Lines from the one containing "LeNu Chef Wai's Noodle Bar at Bugis Junction" through the last line of the records below need to be repeated exactly; nothing else, and no pictures.

+++++

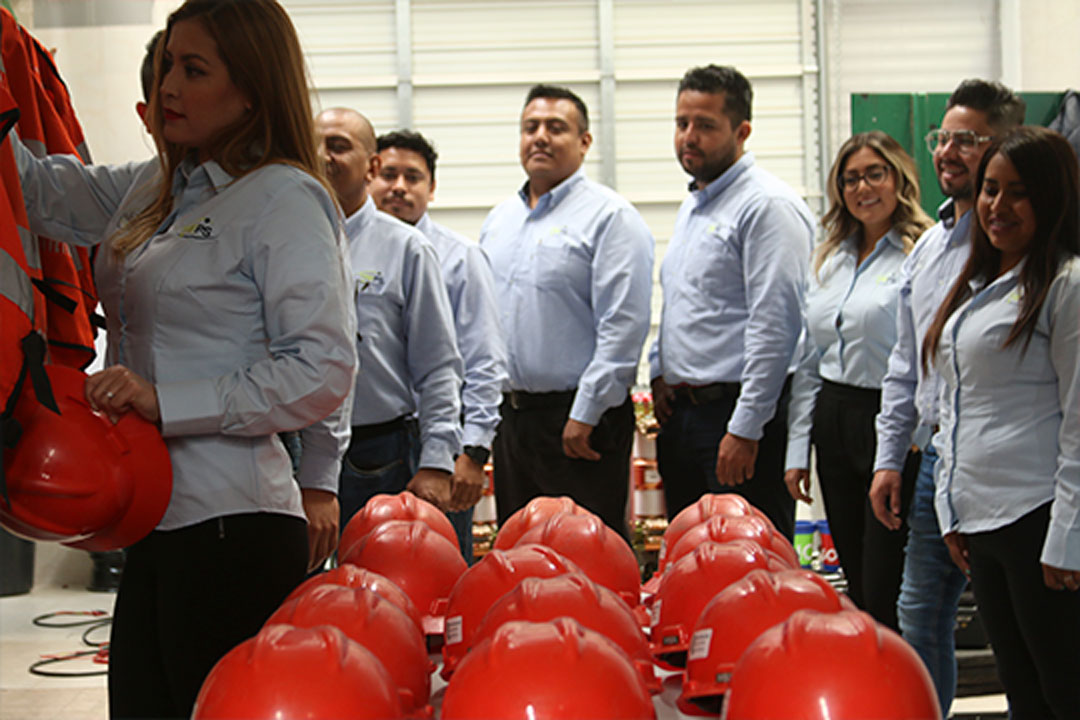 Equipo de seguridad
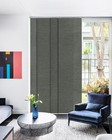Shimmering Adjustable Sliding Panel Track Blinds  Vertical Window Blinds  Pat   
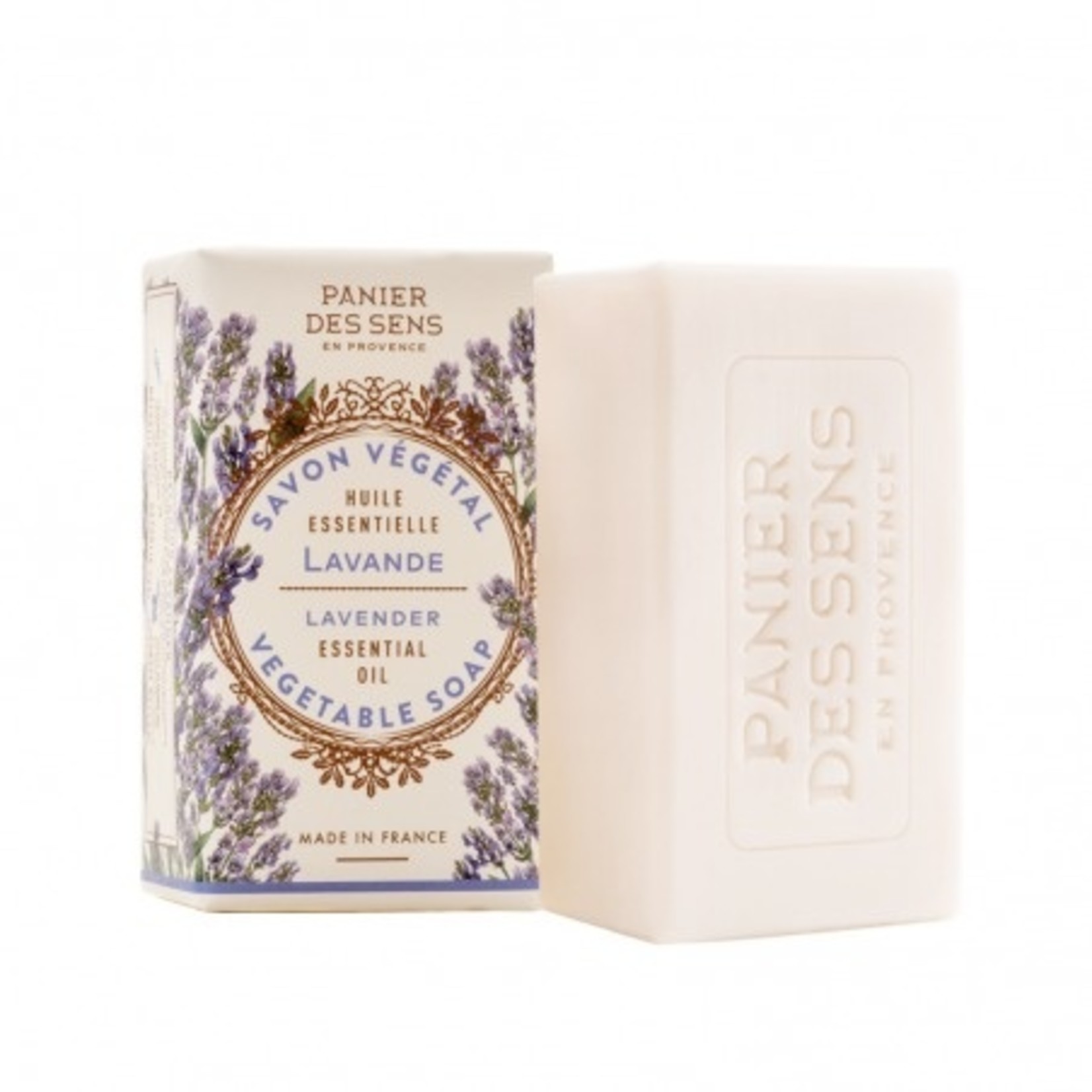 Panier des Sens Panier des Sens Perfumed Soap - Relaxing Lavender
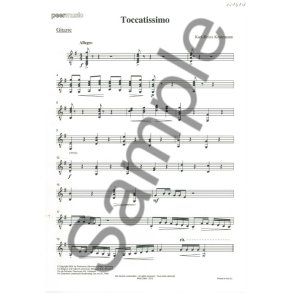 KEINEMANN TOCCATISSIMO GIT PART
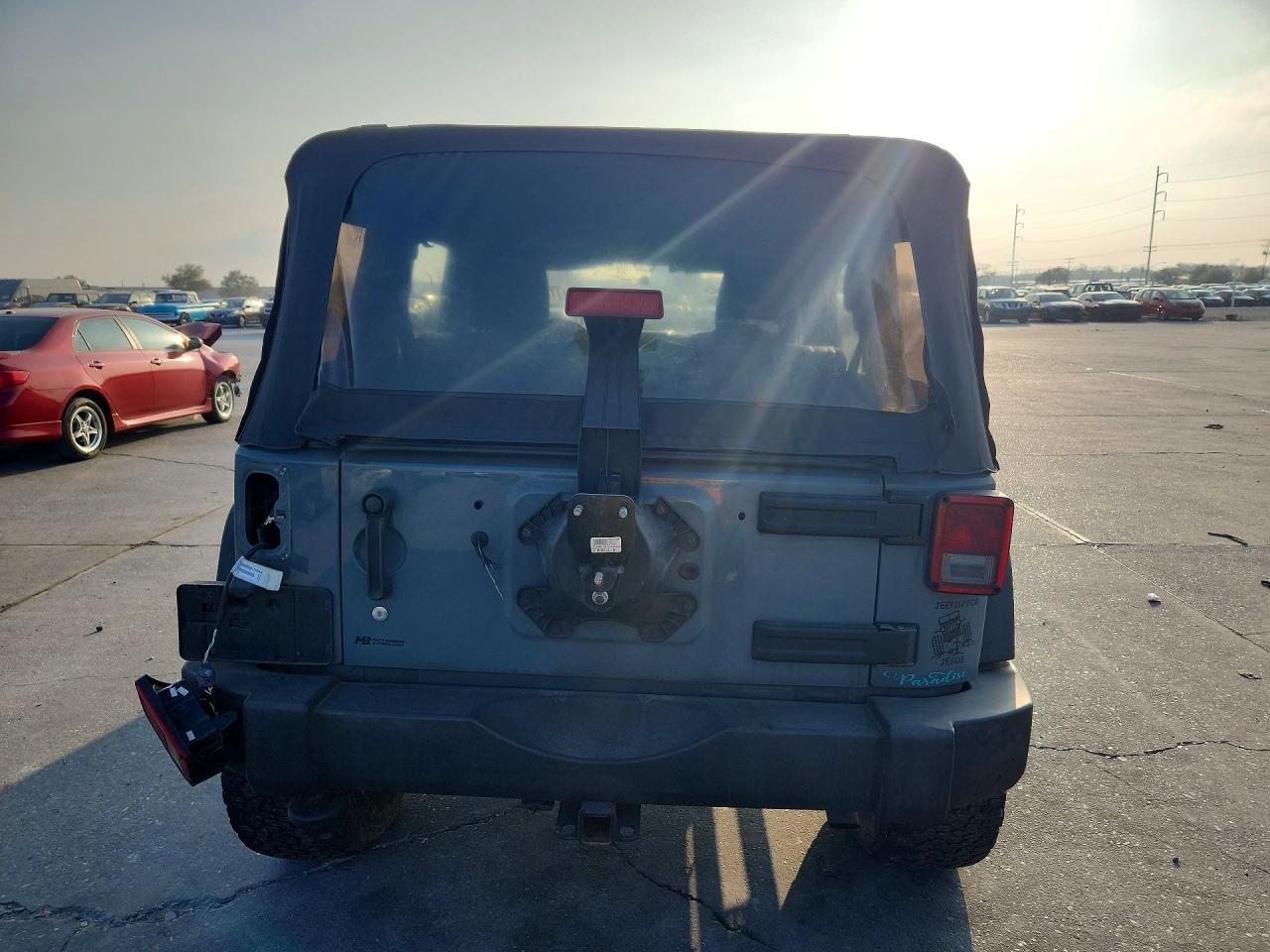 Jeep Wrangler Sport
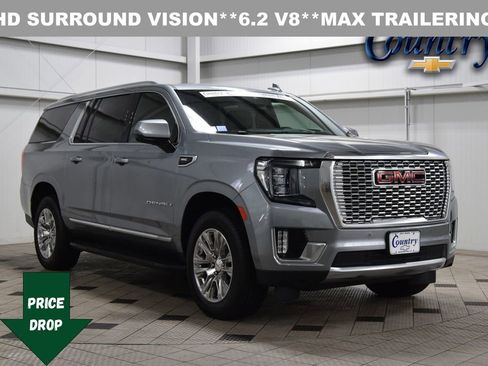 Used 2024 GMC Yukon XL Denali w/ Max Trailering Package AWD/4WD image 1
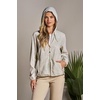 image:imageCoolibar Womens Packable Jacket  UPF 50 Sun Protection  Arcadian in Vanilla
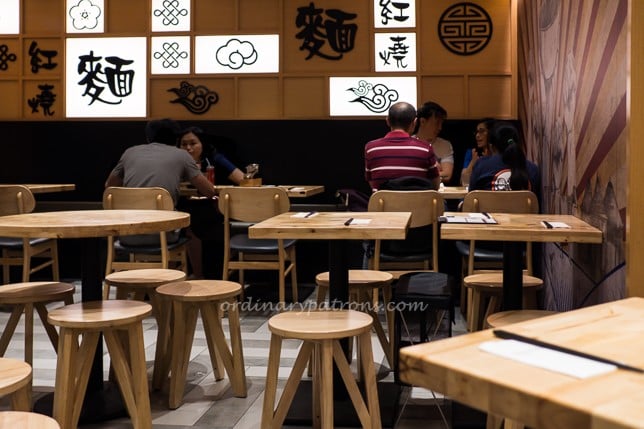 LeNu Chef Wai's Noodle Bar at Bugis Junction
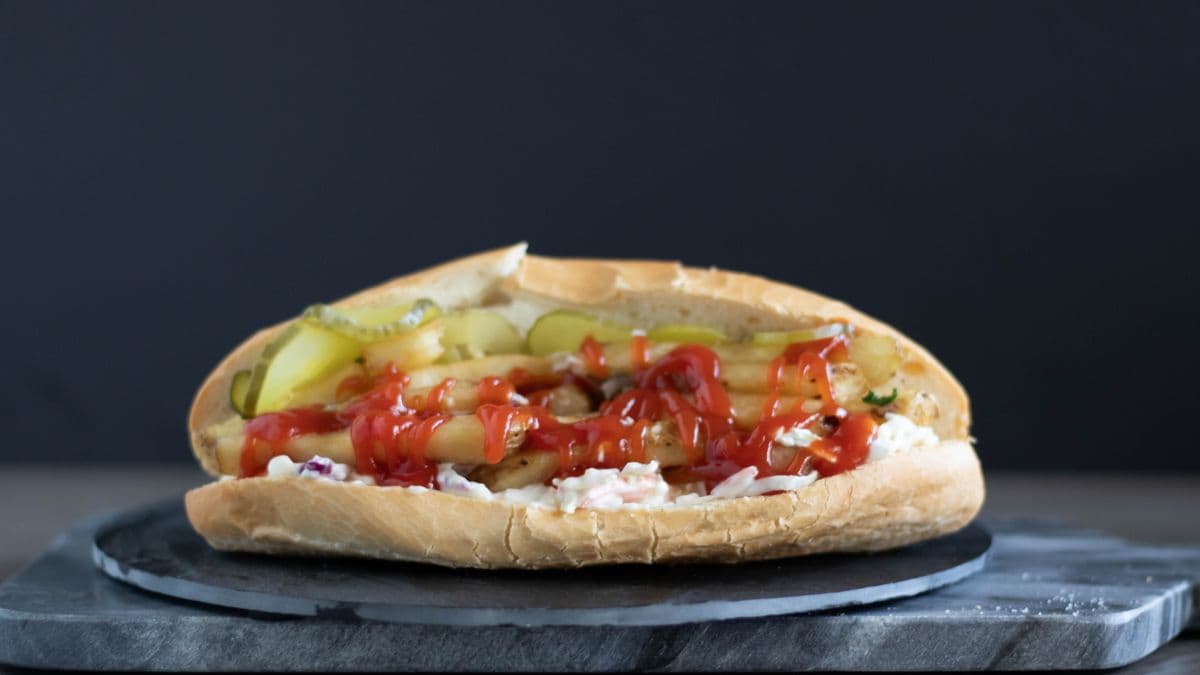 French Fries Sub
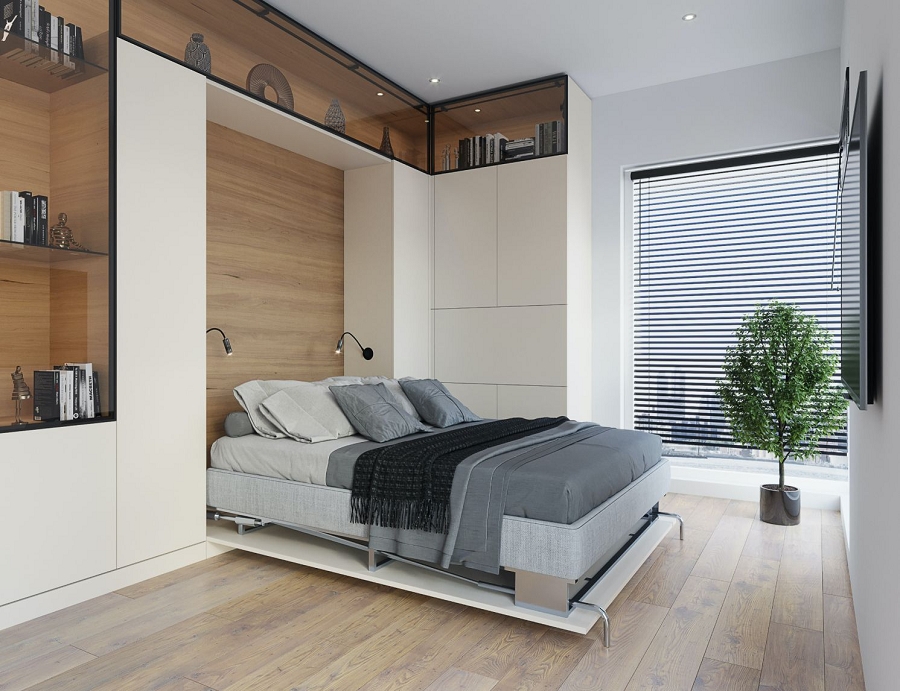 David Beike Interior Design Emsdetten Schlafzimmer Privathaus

+++++

WRITTEN SOLUTION
 LeNu Chef Wai's Noodle Bar at Bugis Junction
 French Fries Sub
 David Beike Interior Design Emsdetten Schlafzimmer Privathaus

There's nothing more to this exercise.